1. How did the court respond to SeaWorlds position that killer whales are not recognized hazards because...

Question:

1. How did the court respond to SeaWorld’s position that killer whales are not recognized hazards because of the employer’s training and safety program?

2. Did the court decide that the assumption of the risk doctrine should apply in this case?

3. Killer whale trainers make a career out of their courageous work playing and interacting with whales; should not the court let individuals accept the inherent unreasonable risk of harm in their performances like it does with professional football players and NASCAR drivers?


On February 24, 2010, a performance was still in progress when Tilikum, a 32 year old killer whale, seized SeaWorld trainer Dawn Brancheau and pulled her off her platform into the pool causing her death. The Secretary of Labor issued citations alleging two instances of “willful” violations of the general duty clause for exposing trainers to recognized hazards of drowning or injury when working with killer whales during performances. The Secretary of Labor set forth abatement procedures prohibiting trainers from working with whales unless the trainers are protected through the use of physical barriers or the use of decking systems. The Secretary proposed a penalty of $70,000. SeaWorld appealed, contending its training adequately controlled the risk.
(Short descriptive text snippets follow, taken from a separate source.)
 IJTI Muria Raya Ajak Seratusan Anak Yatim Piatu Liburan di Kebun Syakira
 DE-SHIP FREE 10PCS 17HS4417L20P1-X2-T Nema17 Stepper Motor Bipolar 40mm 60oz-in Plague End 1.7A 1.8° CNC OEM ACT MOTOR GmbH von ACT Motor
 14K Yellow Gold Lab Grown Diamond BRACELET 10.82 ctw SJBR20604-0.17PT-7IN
And, it asserted that trainers formally accept and control their own exposure to risks, like the risks inherent in much of the sports and entertainment industries.

JUDICIAL OPINION

RODGERS, C. J.… The general duty clause, § 5(a)(1) of the Occupational Safety and Health Act, provides: “Each employer shall furnish to each of his employees employment and a place of employment which are free from recognized hazards that are causing or are likely to cause death or serious physical harm to his employees.” 29 U.S.C. § 654(a)(1)…. The duty was to be an achievable one…. So understood, the court held that “[a]ll preventable forms and instances of hazardous conduct must ... be entirely excluded from the workplace.”…

A.

Whether a work condition poses a recognized hazard is a question of fact. See Baroid Div. of NL Indus., Inc. v. OSHRC, 660 F.2d 439, 446 (10th Cir.1981)….
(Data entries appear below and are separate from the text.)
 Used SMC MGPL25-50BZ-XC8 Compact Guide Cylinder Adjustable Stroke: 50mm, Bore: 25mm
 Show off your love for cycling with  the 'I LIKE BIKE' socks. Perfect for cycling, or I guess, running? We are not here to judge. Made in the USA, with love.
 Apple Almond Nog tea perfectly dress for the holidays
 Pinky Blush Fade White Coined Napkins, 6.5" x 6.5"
SeaWorld’s position is that working with killer whales was not a recognized hazard because its training and safety program adequately controlled the risk. To train its killer whales, SeaWorld uses “operant conditioning” to reinforce desired behaviors with food or other rewards. It also trains its employees who work with killer whales to recognize particular behaviors that it calls “precursors,” which indicate that the killer whales may act aggressively, and keeps detailed incident reports of when its killer whales had behaved aggressively or otherwise undesirably toward trainers, including pulling trainers into the pool. The Secretary presented evidence that the killer whales posed a hazard in spite of SeaWorld’s safety measures. On multiple occasions, including the death of Ms.
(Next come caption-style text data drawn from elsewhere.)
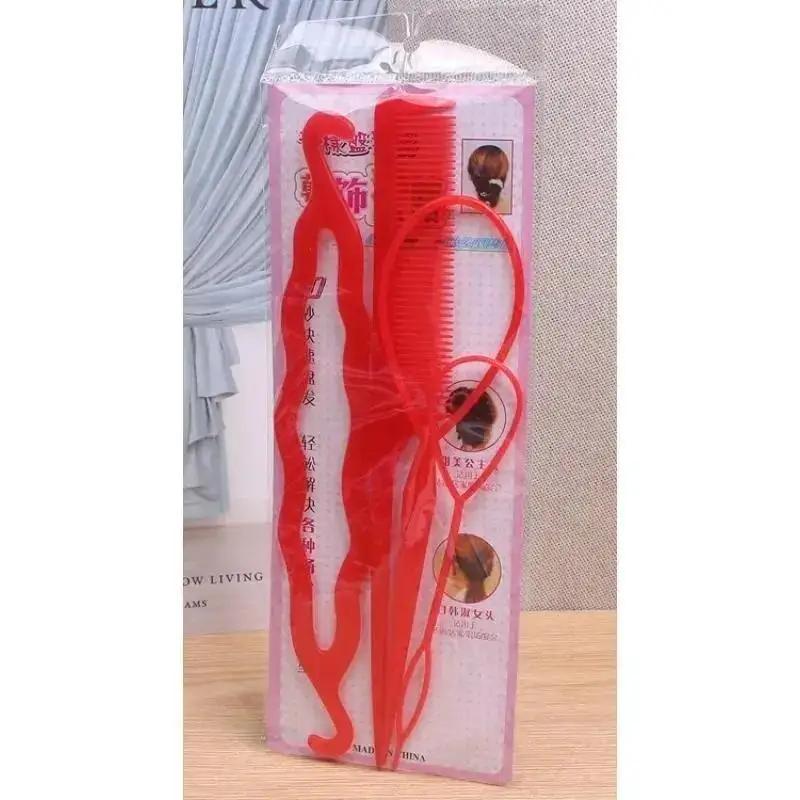 4 Pcs Headgear Disc Hair Set Style Hair Extension Pin Hairs Stick Pointed Tail Comb Disc Hairs Set Braiders Styling Tools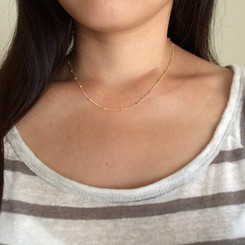 rose gold satellite chain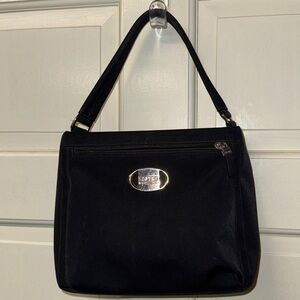Esprit San Francisco Women’s Black Nylon Top Handle Bag Purse Zipper Pocket Y2K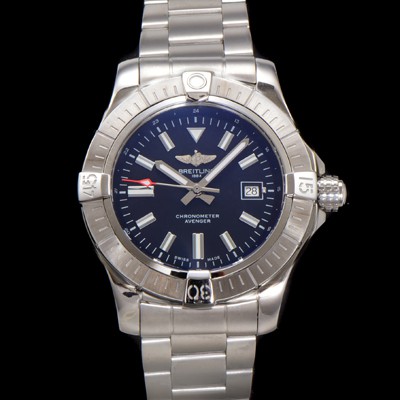레플리카 [브라이틀링] 남성용 어벤져 A17318101B1A1 오토매틱 2824타입 44mm 메탈줄 블랙 다이얼 bre6052  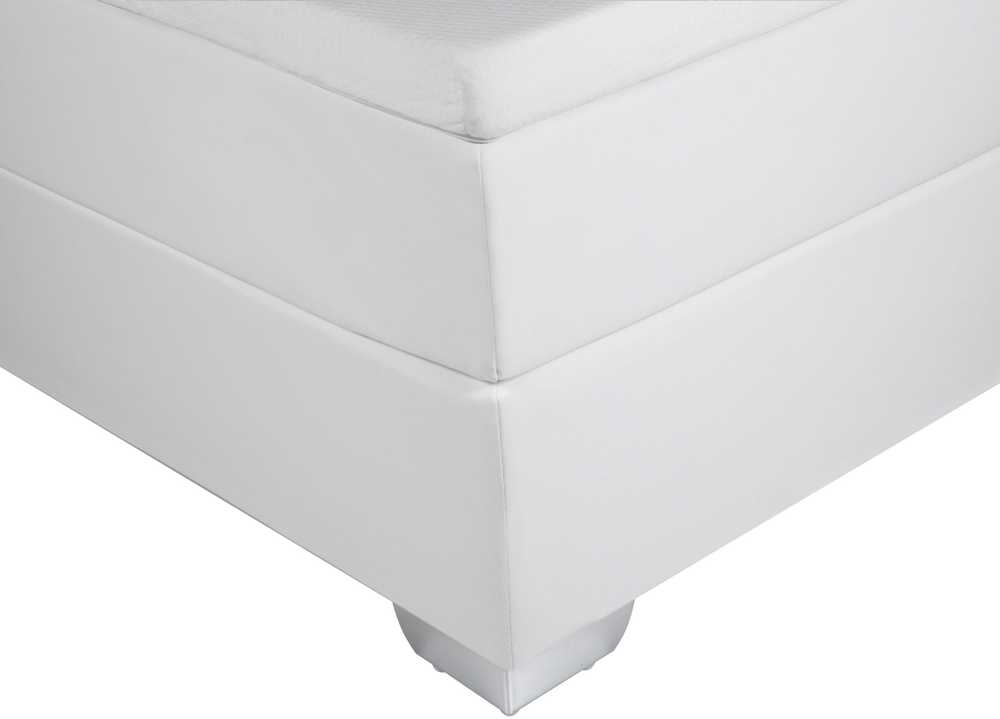 Beliani Kontinentinė lova iš dirbtinės odos PRESIDENT 160 x 200 cm juoda/balta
Brancheau, SeaWorld’s incident reports indicated that the killer whales showed no immediate precursors of aggressive behavior or ignored SeaWorld’s emergency procedures designed to make them cease aggressive behavior. Statements by SeaWorld managers do not indicate that SeaWorld’s safety protocols and training made the killer whales safe; rather, they demonstrate SeaWorld’s recognition that the killer whales interacting with trainers are dangerous and unpredictable and that even senior trainers can make mistakes during performances, and the managers repeatedly urged caution in working with the killer whales. The evidence thus supports the ALJ’s finding that a recognized hazard existed, even beyond the impact of SeaWorld’s safety protocols….. ………………………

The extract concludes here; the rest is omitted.